- Opening Delimiter -

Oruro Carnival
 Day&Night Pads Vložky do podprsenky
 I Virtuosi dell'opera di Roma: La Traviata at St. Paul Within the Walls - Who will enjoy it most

- Closing Delimiter -

◆ Goal of the exercise: Write all the data out again, exactly.

◆ Response to this task:
Oruro Carnival
 Day&Night Pads Vložky do podprsenky
 I Virtuosi dell'opera di Roma: La Traviata at St. Paul Within the Walls - Who will enjoy it most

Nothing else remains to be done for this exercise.